A happier annual budgeting process

Photo by John Peters on Unsplash

When I had more junior finance roles in larger organisations, I often found the annual budgeting process to be somewhere between traumatic and soul-destroying. Week after week of meetings and emails and multiple versions of clunky spreadsheets.

So when I became a Finance Director, I thought long and hard about what made organisational budgeting so awful. I then identified four key components of a happier budgeting process;

  • alignment
  • training
  • tools
  • trust

This post explores these further.

I should also add that I don’t think one annual budgeting process is optimal in most organisations. I much prefer a rolling forecast approach. However, the principles in this post apply however (in)frequently you carry out a budgeting or forecasting exercise.

Alignment

An organisation’s budget should align with its strategy, and there should be a common understanding of the aim of the budget from the board down to budget manager level.

This needs to be thrashed out at the start before you begin any budgeting conversations. What does the organisation’s budget need to look like and why? If you’re a not-for-profit organisation, why are you trying to set a surplus budget? Should delivering the surplus take priority over delivering your charitable objectives?

I always try to have a workshop with all budget managers prior to the budget that explains what the board want to achieve, and where this currently sits in relation to previous budgets and current spending.

Train budget holders

Most people never receive any formal training in budget setting or budget management. It’s just something that they’re expected to learn by osmosis once they get to a certain level of management.

And while the principles of budget setting seem simple (work out what you want to do and how much it’s going to cost), the language used to describe aspects of it vary from organisation to organisation. I have seen people use “actuals” where I would say “forecast”, for example, which caused huge confusion. I have also seen at least three different definitions of “on-costs”.

Therefore, when I have a session with budget managers to explain the aims and context of this year’s budget, I also explain the organisation’s planning and forecasting cycle. I provide guidance about budget terminology, and I also explain any tools that I want them to use. I tell them that members of the finance team will be there to support them all the way.

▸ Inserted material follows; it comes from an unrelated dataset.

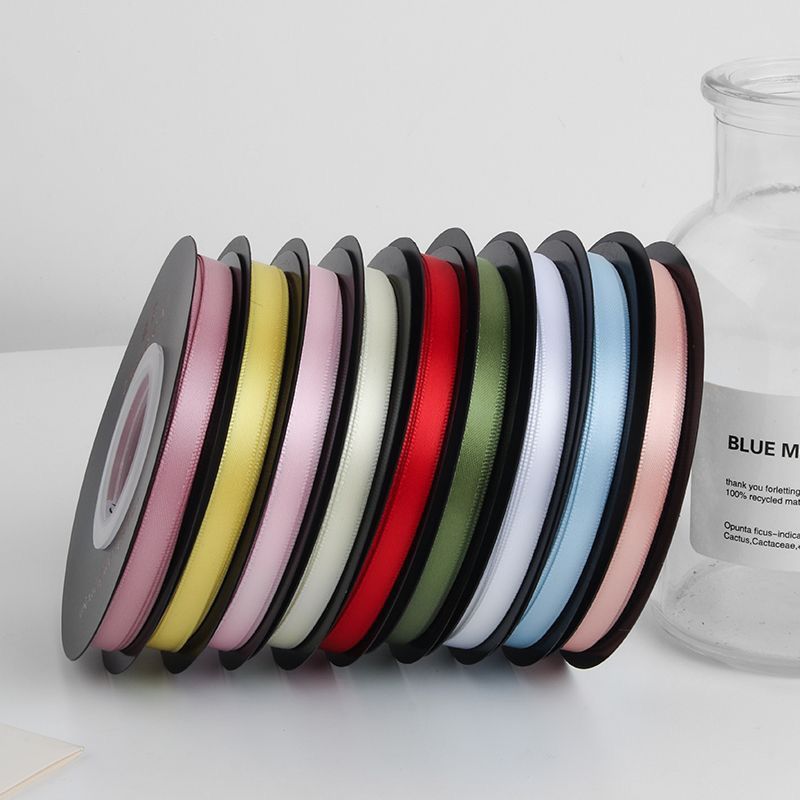 New 6Mm Double Sided Polyester Belt Flowers Gift Wrapping Ribbon Hair Accessories Baking Cake Ribbon Flower Bundle Ribbon - Image 2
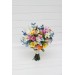 Wildflower Bouquet in Blue, White, Magenta, Yellow & Pink | Spring & Summer Wedding Flowers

It’s also helpful to share my accuracy threshold. In a £10m budget, I’m unlikely to care if a budget holder is £300 overspent at year end. However, budget holders can and do worry about this level of detail unless you give them permission not to.

Use the right tools

In a large organisation, you might have access to specialist budgeting tools. These can take the work out of an annual budgeting process, for example by allowing you to manipulate current data or try out some different scenarios. That’s the theory anyway.

In most places, Excel remains king for the annual budgeting process. However, there is Excel and there is Excel. Finance teams often design budget templates to make the consolidation of budgets easier for them, rather than to make preparation easier for budget managers.

It’s entirely possible to achieve both ends with the same template, but it takes a bit more planning and Excel knowledge. For example, if you learn some basic Power Query, you will be able to amalgamate budget templates much more easily, even if they’re in unusual formats, so you have more scope to make the templates understandable for budget holders to complete.

You should also aim to standardise any calculations that you can and use central assumptions if possible.

For example, you should have headcount calculations in the budget holder template, linked to an overall pay structure. Budget holders can see the impact of changing headcount assumptions, and finance can quickly amend multiple budgets for bulk changes to salary, eg National Insurance rates changing, or annual pay increases.

If this sounds like a lot of work for finance, that’s as it should be. It’s much more efficient for finance to do this in bulk for everyone than every individual budget holder attempt their own version. Finance should be doing the legwork upfront, so that budget holders can translate their thinking into a budget as quickly and easily as possible. However, if you design everything well, you can use it again and again in the future.

Trust is a must

Many organisations are trapped in what I call “the vicious budgeting circle”. Budgeting takes a long time and is fraught because there is a lack of trust between budget holders and finance, or between junior staff and senior staff. Budget holders prepare budgets with lots of contingencies, because they think that finance or their managers will cut their budgets. This results in over-estimation across the organisation, so the management team have to tell everyone to cut their budgets. All of this drags out over months, with trust and goodwill eroding at every stage.

In order to break this, budget holders need to trust that finance is there to support them. And finance need to trust that budget holders know best how to translate the organisation’s goals into budgets.

How do you establish that mutual trust? Having clear alignment across the organisation about budgeting goals is part of this. Another key factor is finance and the senior management team dealing with overspends in a supportive rather than penalising way. If you want budget holders not to pad their budgets, they need to trust that finance and/or their manager has got their backs if they do overspend. Finally, you need to ensure that your appraisal system rewards budget managers for accuracy and honesty throughout the year.